Only things that have to be in the language are added to the language. The easiness of that is not a reason to add it, for example supporting a piping syntax to Julia is easy enough, but it becomes very, very contentious when one wants it in Julia itself.

From #35526, primitive type is considered leaky implementation detail, thus discouraged to be used by language users. Its existence is only justified by the limitation of current Julia implementation. Arbitrary integer types, on the other hand, does not have any problem residing in a package. Supporting it in Julia will incur a lot of discussions: what will be its representation, what about its alignment, will it save space when stored in an array, how do we infer arbitrary but limited precision integers?

How would one create a 12-bit integer in a package? As I demonstrated above, BitIntegers.jl does not allow one to define a 12-bit integer because Julia does not allow one to define a 12-bit primitive. I made an atttempt, but defining UInt12 was difficult enough that I just defaulted the element type to be UInt16.

Are u1 and i1 really still buggy in LLVM? How about u12 and i12?

My guess is that the situation has improved as N-bit integers are now part of the draft C23 standard. I think we can reference that to answer some of your questions.

How would one create a 12-bit integer in a package? As I demonstrated above, BitIntegers.jl does not allow one to define a 12-bit integer because Julia does not allow one to define a 12-bit primitive. I made an atttempt, but defining UInt12 was difficult enough that I just defaulted the element type to be UInt16.

I still can’t see the difference between the 12-bit integer type you mean and UInt16 with a wrapper that truncates or extends the number. In N2763, they define arbitrary precision integers be represented by the smallest possible power-of-2 digit integer, so UInt16 is the right choice.

You can pack two 12-bit integers into 3 bytes (since 3*8 = 24). But it takes 4 bytes if you represent them as UInt16s with 4 unused bits each.

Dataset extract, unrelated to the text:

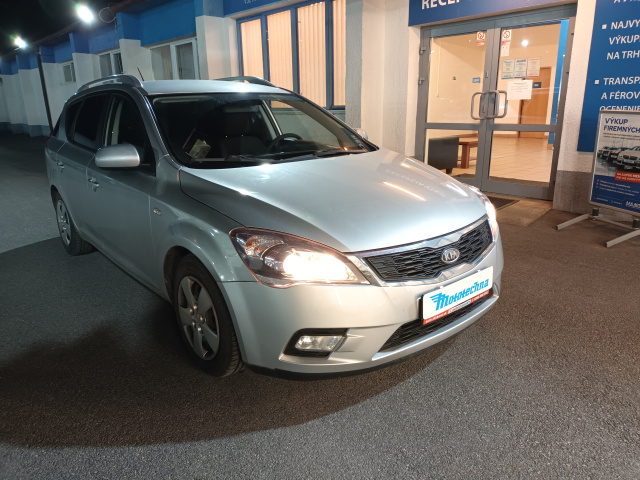 Kia Ceed 2011
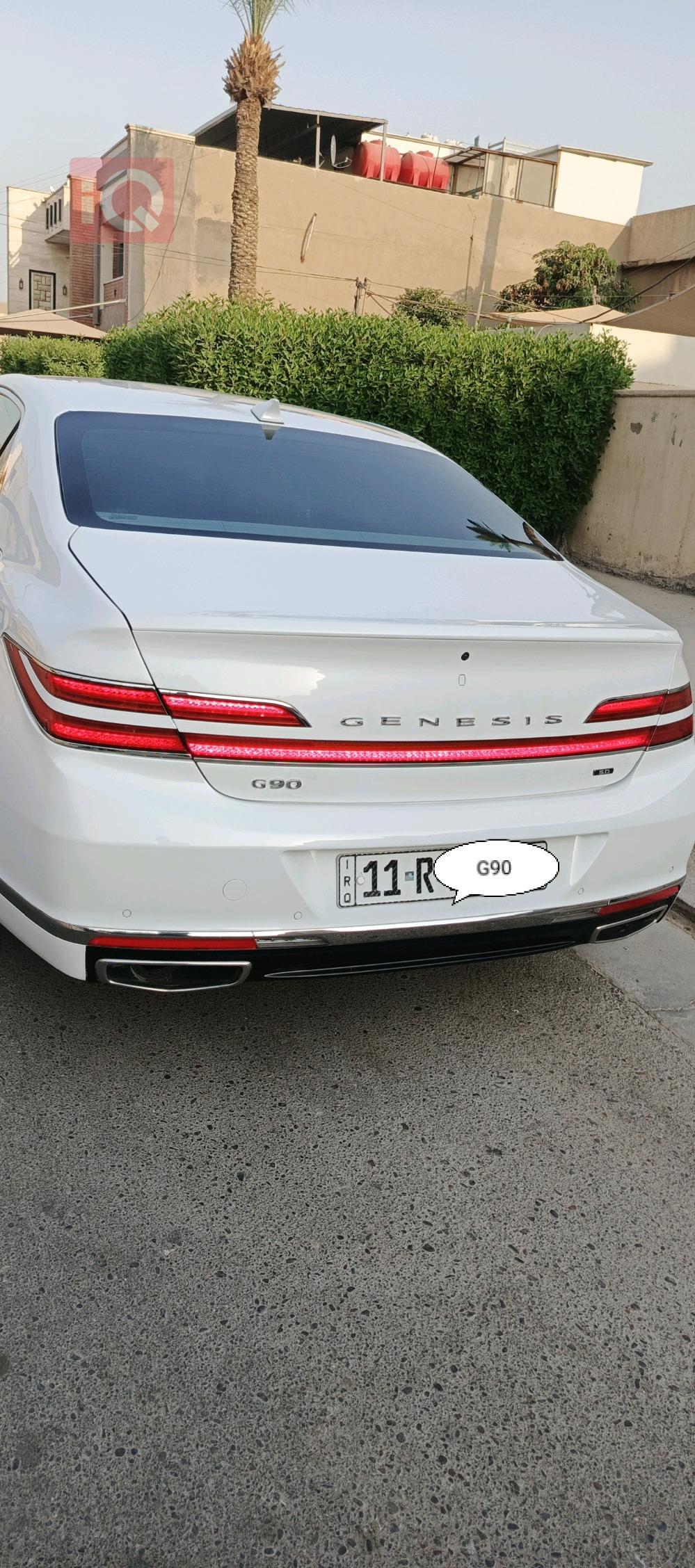 جێنسس G90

I don’t want to speak for @mkitti because I’m not sure of the intended application, but I wouldn’t be surprised if this involves data from scientific cameras or data acquisition cards. It’s a nontrivial issue because modern instrumentation can produce data at rates exceeding 1GB/s (≈ 4TB/hr), and there are pipelines that may really notice a “useless” 33% increase in data volume.

At the same time, you want this to work seamlessly enough to make it trivial to exploit such arrays without big costs elsewhere. Otherwise, you may be better off just accepting the 33% increase. That’s what I’ve typically chosen to do, but I would be grateful to see a nice solution for this issue.

Random reads and writes might be a problem. But most modern compression algorithms can process a compressed stream at nearly memcpy speed and they have to deal with variable arbitrary lengths.

The primary goal here is to describe bit-precise integers in a way that is not dependent on knowing the implementation details of the underlying processor architecture.

A secondary goal that has been mentioned is packing these bit-precise integers into arrays and perhaps unpacking them.

Meanwhile, LLVM knows perfetly well what a u12 is and can compile efficient code to use that type. If this is also being used by C23, then I suspect these compilation paths will be well tested in the future. Instead of fighting our compiler, let’s use it.

LLVM denominates things in terms of bits. However, we always provide with multiples of 8.

I’m not sure exactly how this will work out, but I think we should consider doing the experiment in 2023. If we ask LLVM to work with u1, u4, or u12, what code would it generate?